Nottingham was crowned England's first City of Football, the Major Oak in Sherwood Forest was chosen as the country's best-loved tree and both Nottingham Forest Football Club and the city's Theatre Royal celebrated their 150th anniversaries, all in 2015. Forest is the second oldest football league club in the world (after Notts County, which began in 1862) and Don Wright tells its unique story largely through the exceptional individuals who formed and shaped it.
Inspired by Italian freedom fighter Giuseppe Garibaldi's redshirts, the young founders of the Forest Football Club, who played on the Forest recreation ground near the centre of Nottingham, decided that Garibaldi red would be their colour and so it has remained ever since. Forest are the original reds of world soccer.
Walter Roe Lymbery was in turn captain, chairman and secretary/treasurer, setting the club on its feet. Another Victorian, Sam Weller Widdowson contributed new methods and ideas. He invented the shinguard, proposed the referee's whistle and introduced the 2-3-5 line-up that was universally adopted and still in use up to the 1950s. Tinsley Lindley was a famous Forester and Corinthian who championed the cause of the professional player. Forest won the FA Cup for the first time in 1898 and celebrated by opening the City Ground. Frank and Fred Forman became the first brothers from the same Football League club to be capped by England.
Less well known were winger Bob Firth and centre-forward Randolph Septimus Galloway both of whom made their mark in Europe as managers. Firth made Real Madrid champions of Spain in 1932/32 and Galloway guided Sporting Lisbon to three Portuguese titles from 1950 to 1953.
Back home, Bob Marsters' Forest defeated Everton to win the Victory Shield in 1919. But the master managers were Billy Walker, twenty-one years in office, and Brian Clough, eighteen years in charge. Walker gave the Reds a glorious decade when they climbed from the Third Division South to the top flight and won the FA Cup in 1959. Clough, with Peter Taylor's help, made Forest English champions and twice champions of Europe.
Truly, the Forest story is the stuff of legends.

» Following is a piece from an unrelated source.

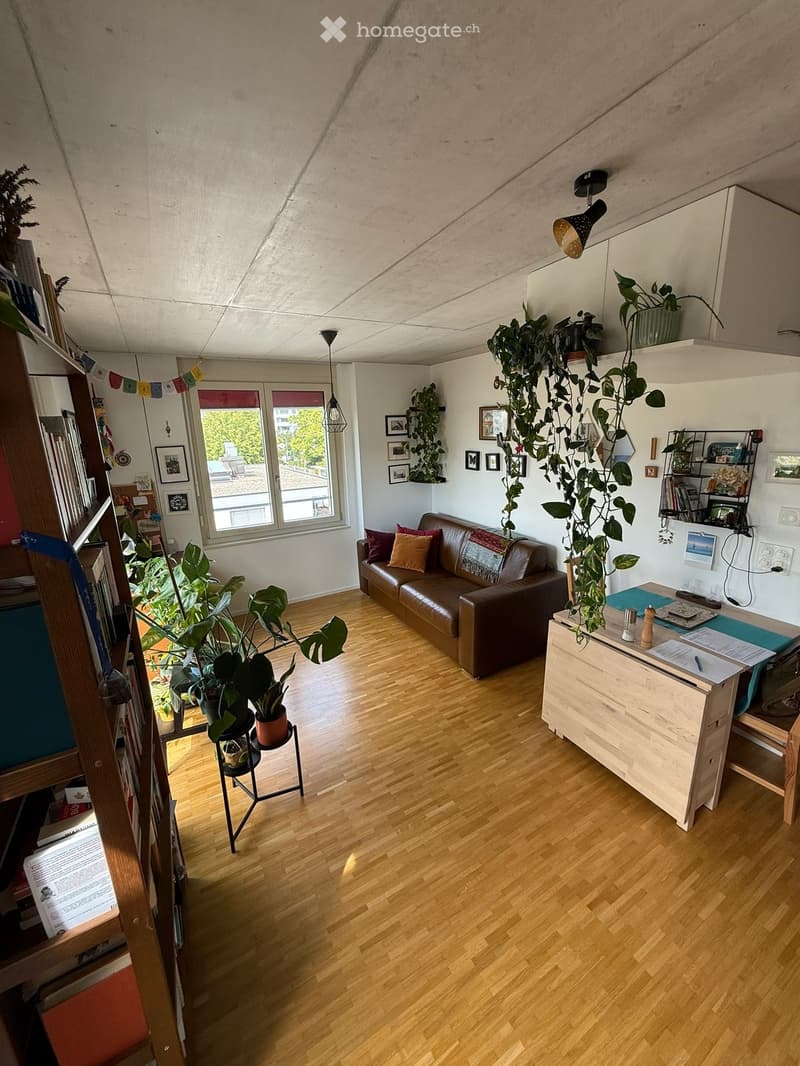 A cozy living room with wooden flooring, a brown leather sofa, a wooden desk, a bookshelf, and several potted plants. The room features large windows with a view of greenery outside.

A retired newspaper editor, Don Wright became Nottingham Forest's honorary historian in 2009. He has followed Forest's fortunes from childhood despite being born on the wrong side of the River Erewash, at Ilkeston in Derbyshire. As a player, he found his level in the Midland Amateur Alliance. He was leader writer for The Footballer magazine and contributed `From where I'm sitting', a column of reflection and opinion, to the Forest programme.